Bahkan, industri manik-manik di Desa Plumbon Gambang ini sudah melayani pesanan beberapa luar kota hingga luar negeri.
"Sejak tahun 1990 an kami rintis usaha ini, dulu pakai minyak tanah, kalau pakai elpiji ini sekitar tahun 2011 setelah subsidi minyak tanah dicabut. Sekarang kalau subsidi elpiji melon ganti dicabut, kami tidak bisa berbuat banyak selain gulung tikar," pungkasnya.
Keluarga Mampu
Tim Nasional Percepatan Penanggulangan Kemiskinan (TNP2K) menyebut saat ini ada sekitar 10 Juta rumah tangga mampu yang turut menikmati subsidi gas elpiji ukuran tiga kilogram.
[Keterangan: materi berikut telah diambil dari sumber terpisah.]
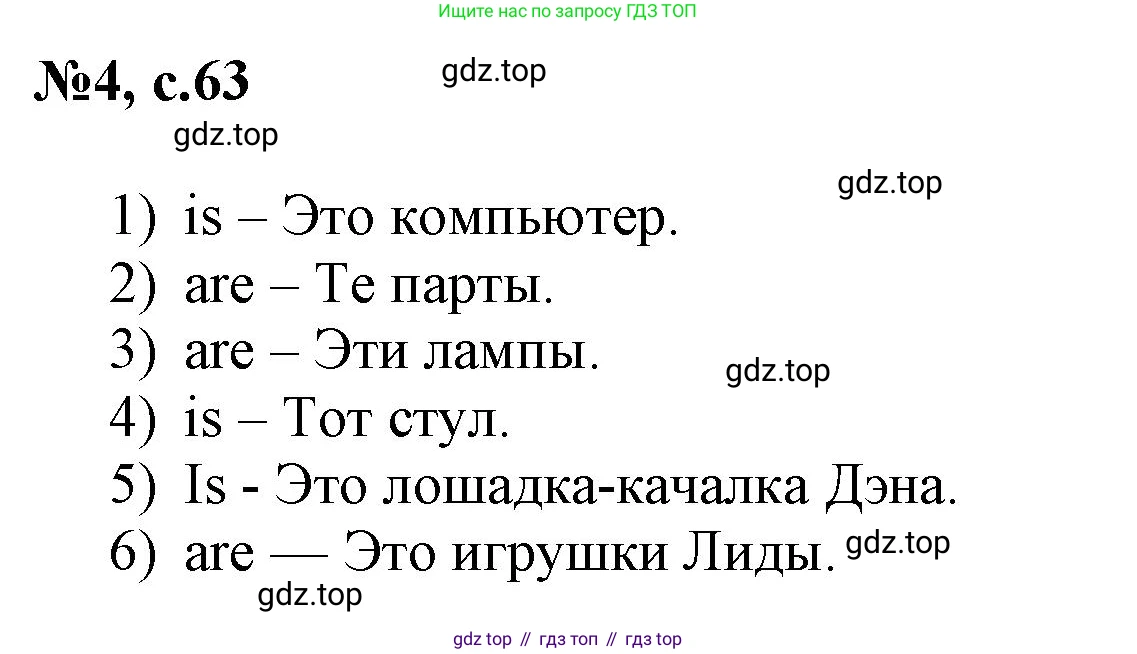 ГДЗ Английский язык (english), 3 класс Сборник упражнений, авторы: Быкова Надежда Ильинична (Bykova Nadezhda), Поспелова Марина Давидовна (Pospelova Marina), издательство Просвещение, Москва, 2023, зелёного цвета, страница 63, номер 4, Решение 1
Kepala Unit Komunikasi dan Pengelolaan Pengetahuan TNP2K, Ruddy Gobel mengatakan pemerintah harus mengalihkan subsidi dari barang ke orang.
Ia menganggap subsidi gas LPG ukuran melon saat ini tak tepat sasaran selama ini.
"Kita usulkan itu 31,4 juta keluarga. Jadi subsidi diberikan kepada keluarga 31,4 juta keluarga," kata Ruddy kepada KBR, Kamis (16/1/2020).
Ruddy Gobel mengatakan saat ini tabung gas elpiji bersubsidi (ukuran melon) berjumlah sekitar 57 juta tabung. Jutaan tabung gas bersubsidi itu dinikmati kurang lebih sekitar 41 juta rumah tangga.
"Dari 41 juta rumah tangga itu, ada kurang lebih sekitar 10 juta rumah tangga, yang merupakan kelompok yang sebetulnya tidak berhak menerima subsidi. Makanya perlu difokuskan pada 31 juta keluarga yang benar-benar dianggap membutuhkan subsidi ini," kata Ruddy.
Ruddy Gobel mengatakan harga gas LPG juga harus disesuaikan. Karena subsidi barang nanti akan dialihkan ke orang.
Ruddy Gobel memperkirakan kebijakan ini paling cepat bisa diterapkan pada semester II 2020.
"Selama ini subsidinya elpiji tiga kilo itu sebagian besar sekitar 65 persen dinikmati kelompok 50 persen terkaya. Hanya kurang lebih sekitar 30 persen itu dinikmati kelompok masyarakat, 40 persen terendah," kata Ruddy.